和泉石材店

BLOG 「一言石句」

建物と味

DATE 2019.09.13

unagi1908303.jpg熱海からの帰りに三島へ行く事にしました。その目的は鰻を食べることです。三島駅にほど近い「桜家」という鰻のお店です。創業は何と安政三年(1856年)だそうで、この創業年が私の記憶を呼び起こす事になります。骨折で運転出来ない私はこの日が誕生日。モノをお祝いされるより、消えて無くなるモノの方が有り難いため、毎年誕生日は旅に出ると決めています。お誕生日の昼酒を呑みながらまた一つ歳を重ねるのです。

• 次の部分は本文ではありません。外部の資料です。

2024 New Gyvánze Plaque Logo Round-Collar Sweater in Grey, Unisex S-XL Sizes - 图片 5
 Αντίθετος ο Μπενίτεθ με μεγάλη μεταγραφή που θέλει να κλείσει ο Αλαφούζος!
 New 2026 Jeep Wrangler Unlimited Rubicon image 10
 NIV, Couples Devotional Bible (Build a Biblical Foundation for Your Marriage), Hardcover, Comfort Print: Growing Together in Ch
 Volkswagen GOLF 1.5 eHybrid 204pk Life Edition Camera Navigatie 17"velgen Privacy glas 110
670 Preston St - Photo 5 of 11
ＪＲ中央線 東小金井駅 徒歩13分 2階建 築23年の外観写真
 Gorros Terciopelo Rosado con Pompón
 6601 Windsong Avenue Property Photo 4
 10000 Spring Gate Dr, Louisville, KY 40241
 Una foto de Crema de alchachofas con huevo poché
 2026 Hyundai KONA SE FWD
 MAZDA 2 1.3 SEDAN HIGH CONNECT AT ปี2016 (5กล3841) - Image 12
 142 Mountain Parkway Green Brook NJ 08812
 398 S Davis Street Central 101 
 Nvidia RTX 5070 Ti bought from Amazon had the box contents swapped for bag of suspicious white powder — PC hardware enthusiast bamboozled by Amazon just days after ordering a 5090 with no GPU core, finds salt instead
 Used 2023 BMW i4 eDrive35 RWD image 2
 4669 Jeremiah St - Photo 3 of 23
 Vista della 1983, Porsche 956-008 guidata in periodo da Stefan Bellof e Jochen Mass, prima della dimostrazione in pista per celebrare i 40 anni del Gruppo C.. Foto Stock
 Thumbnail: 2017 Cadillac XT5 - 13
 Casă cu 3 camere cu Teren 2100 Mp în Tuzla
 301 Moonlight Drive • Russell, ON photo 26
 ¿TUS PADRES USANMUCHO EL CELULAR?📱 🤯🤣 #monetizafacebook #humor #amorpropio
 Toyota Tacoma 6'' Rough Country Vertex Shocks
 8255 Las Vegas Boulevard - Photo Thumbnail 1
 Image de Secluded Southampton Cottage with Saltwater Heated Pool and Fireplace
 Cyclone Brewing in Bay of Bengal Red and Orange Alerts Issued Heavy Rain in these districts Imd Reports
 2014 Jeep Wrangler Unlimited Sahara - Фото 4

unagi1908301.jpg程なくして運ばれてきた鰻重は関東風に焼かれたもの。要するに蒸し焼きです。ふんわりした最高の焼け具合。そしてタレはさっぱりした感じ。素晴らしいです。この味を更に引き立てていたのが建物。古くて手入れの行き届いた木造の建物は、叩きの土間が歴史を感じさせます。そしてBGMは無し。タイムスリップしたような感覚で、ただただ美味しい鰻を食べるのです。何だかお店の創業年である1856年に飛んできたかのよう。この建物で食べるお陰で味は5割増しです。

unagi1908302.jpg実はちょっと前に谷口吉郎が設計した原敬の記念碑の記事を読みました。その原敬が生まれたのが安政3年。まさにこの鰻店の創業年と同じ。日本初の政党内閣を組閣した原敬は、生涯「一山」を号していました。「白河以北一山百文」というのは、東北に対する侮蔑表現。その悔しさを胸に政界のトップになったのが原敬。そしてその記念碑を設計した谷口吉郎は、墓碑は記憶や思いの触媒のようなものと言います。建物も同じ事で、良い建物は色々な触媒反応を引き起こすのです。私が食べた鰻がまさにそれで、美味しい鰻がより特別な味がしたのは、明らかに建物が原因。ですが建物で塩分濃度や旨み成分が変わるはずもありません。物理的には一切作用をしていないのです。そんな事を考えていたら、次女の喉に鰻の骨が刺さって大騒ぎ。楽しい誕生日会はお開きとなりました。安政三年の縁が思わぬタイムスリップ体験を引き起こし、一人勝手に盛り上がっていました。誕生日最高です。